*Instructions to follow:* Only the lines in the entries below from the line with "Poasboaken holterbroek espelo" to the line with "1317 Hillview Place, Saint", both included, belong in the answer, transcribed exactly and without pictures.

*Given records:*
::::
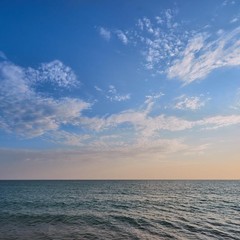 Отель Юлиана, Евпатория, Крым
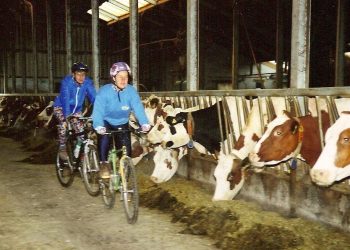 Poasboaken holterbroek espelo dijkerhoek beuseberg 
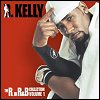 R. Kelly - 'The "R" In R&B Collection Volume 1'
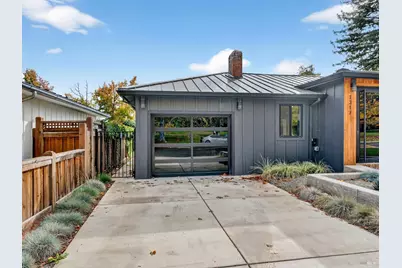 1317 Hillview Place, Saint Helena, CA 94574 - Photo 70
::::
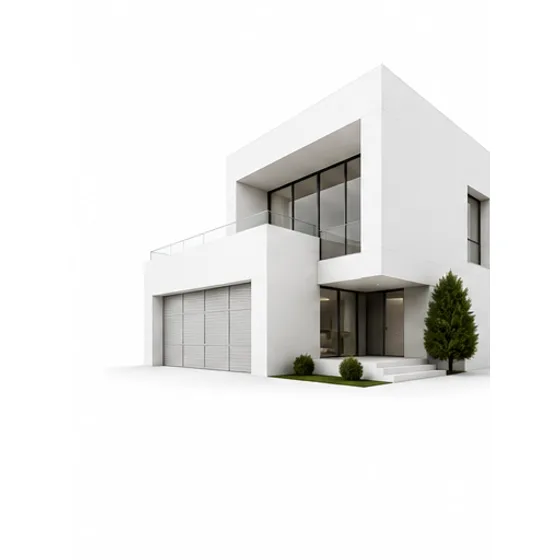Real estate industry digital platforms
::::
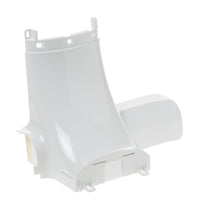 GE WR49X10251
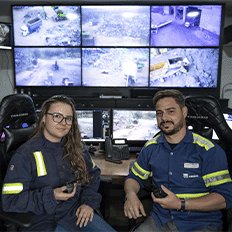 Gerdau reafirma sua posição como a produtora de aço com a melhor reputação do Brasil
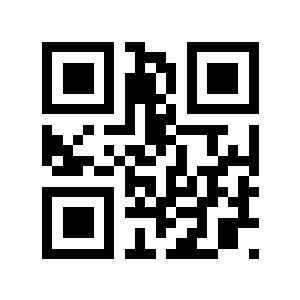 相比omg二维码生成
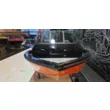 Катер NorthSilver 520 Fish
::::
*Written solution:*
 Poasboaken holterbroek espelo dijkerhoek beuseberg 
 R. Kelly - 'The "R" In R&B Collection Volume 1'
 1317 Hillview Place, Saint Helena, CA 94574 - Photo 70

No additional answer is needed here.